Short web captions
□ □ □ □
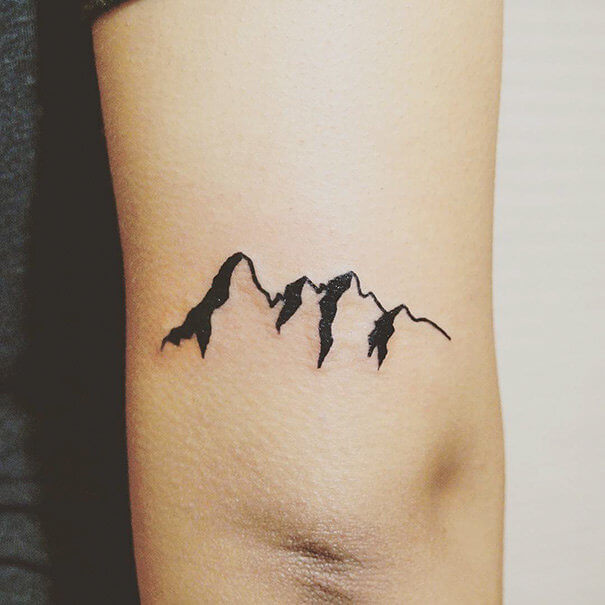 A Mountain Range on Your Arm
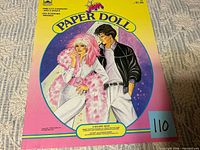 Front cover showing title, artwork, price and uncut status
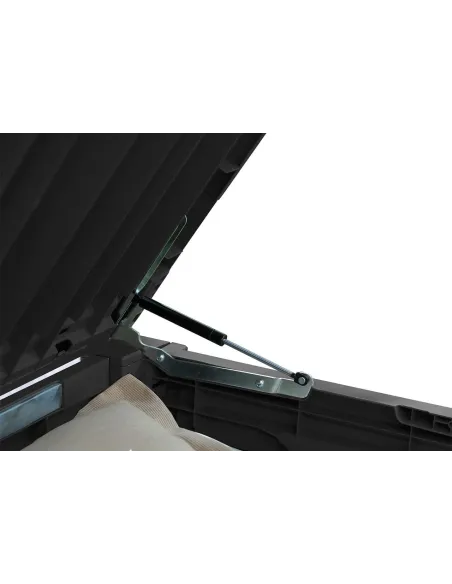 Skrzynia Ogrodowa Balkonowa Keter Brightwood Do Ogrodu Tarasowa 455 litrów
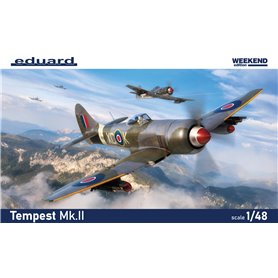 Eduard 1:48 Hawker Tempest Mk.II - WEEKEND edition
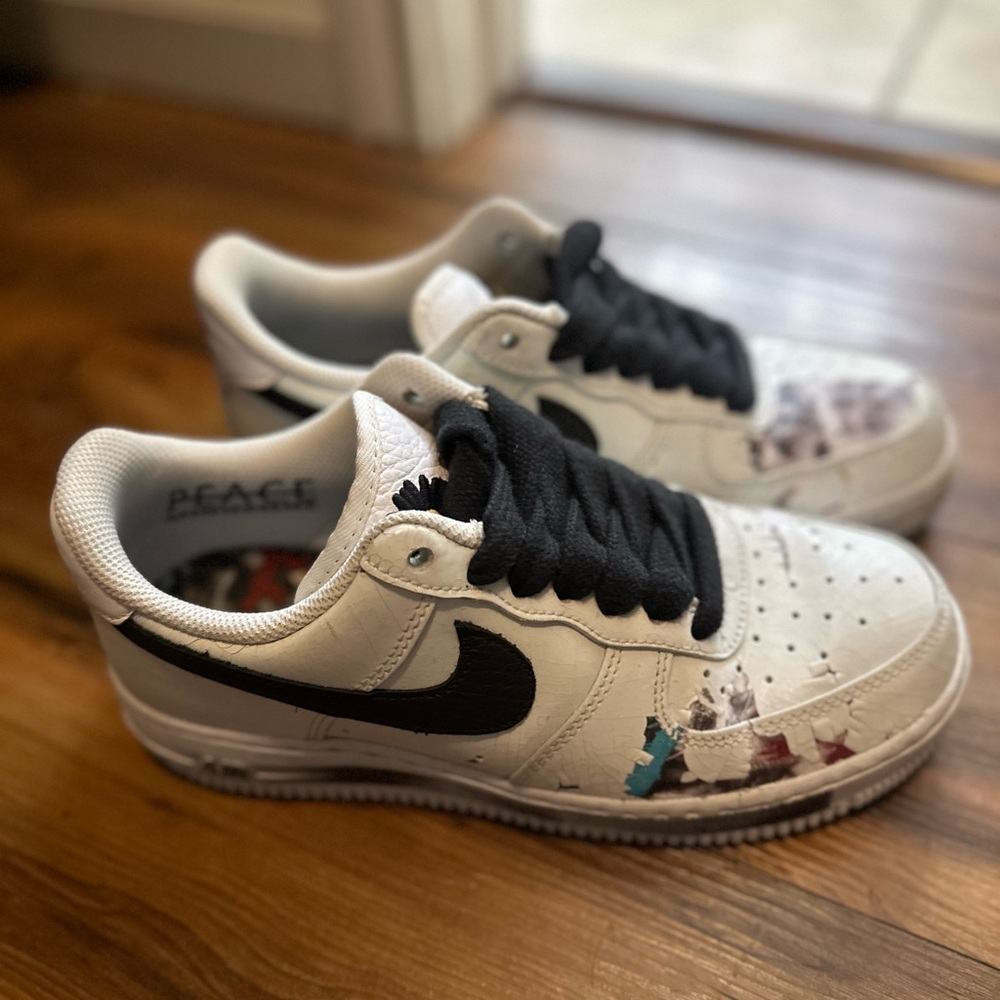 G Dragon x Nike Airforce ones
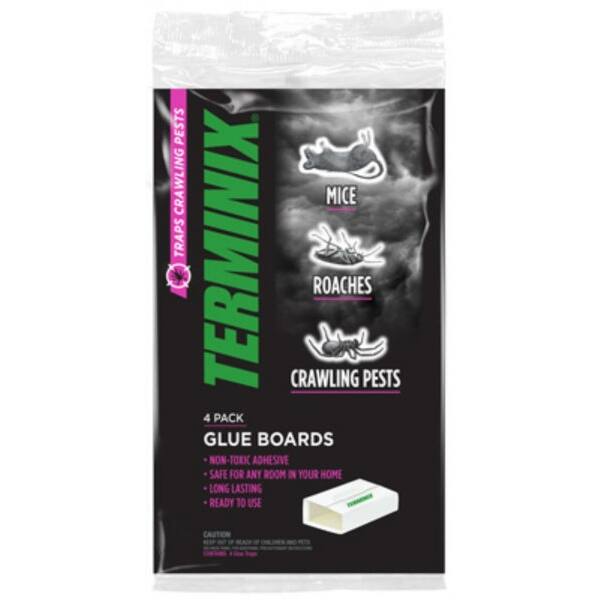 Terminix T18-72SD Insect & Mouse Glue Board, 4-Pack - On Sale ...
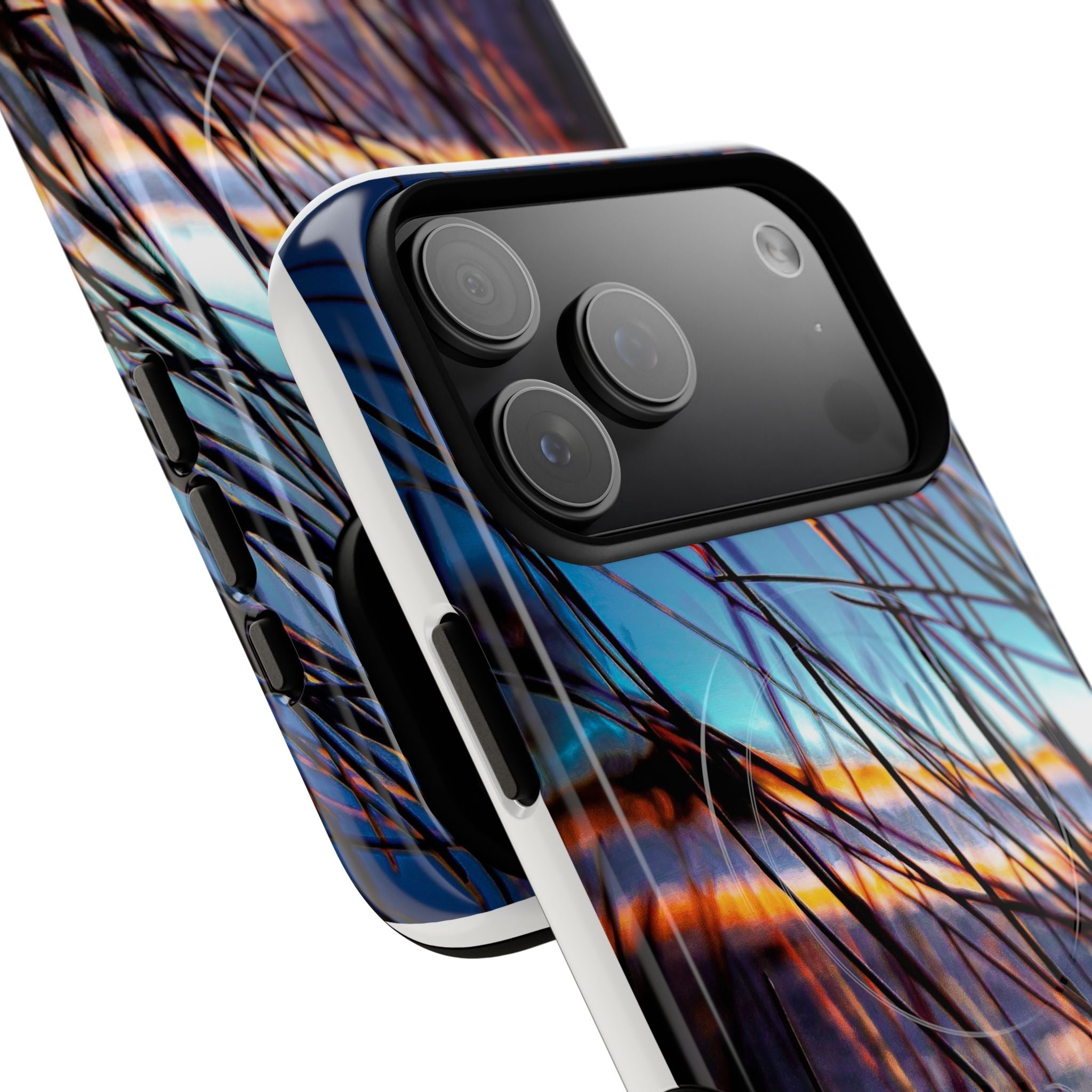 Mangawhai Estuary New Zealand Phone Case — Tough Magnetic Case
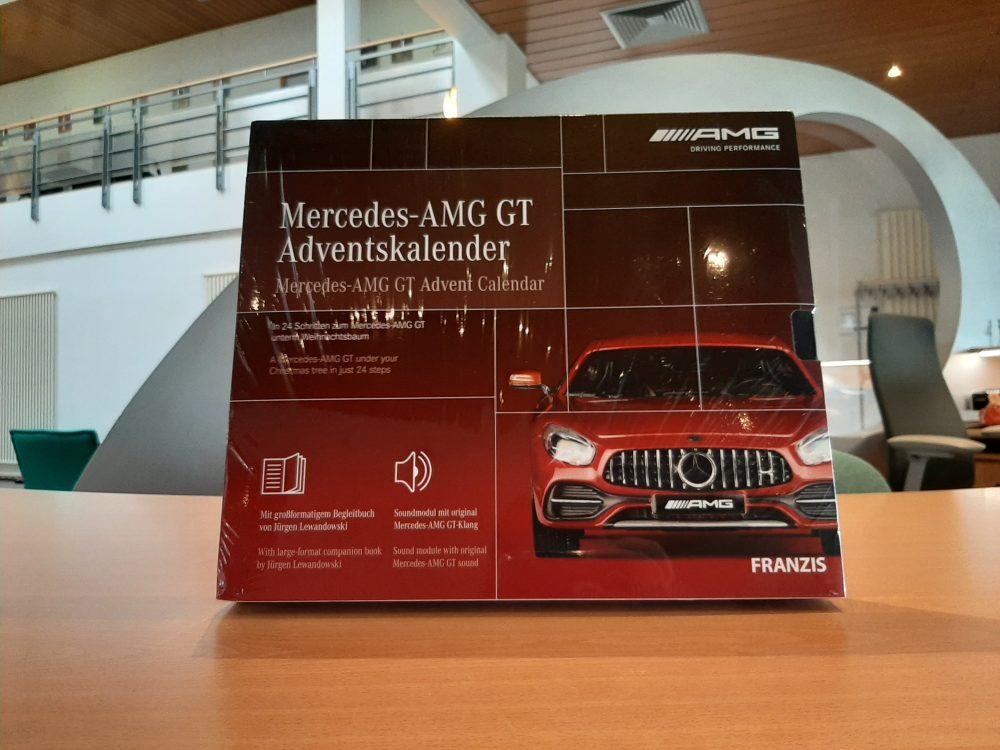 Mercedes-Adventskalender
□ □ □ □
Every line from the one holding "Skrzynia Ogrodowa Balkonowa" through the end of the records above must be reproduced verbatim, pictures excepted.

 Skrzynia Ogrodowa Balkonowa Keter Brightwood Do Ogrodu Tarasowa 455 litrów
 Eduard 1:48 Hawker Tempest Mk.II - WEEKEND edition
 G Dragon x Nike Airforce ones
 Terminix T18-72SD Insect & Mouse Glue Board, 4-Pack - On Sale ...
 Mangawhai Estuary New Zealand Phone Case — Tough Magnetic Case
 Mercedes-Adventskalender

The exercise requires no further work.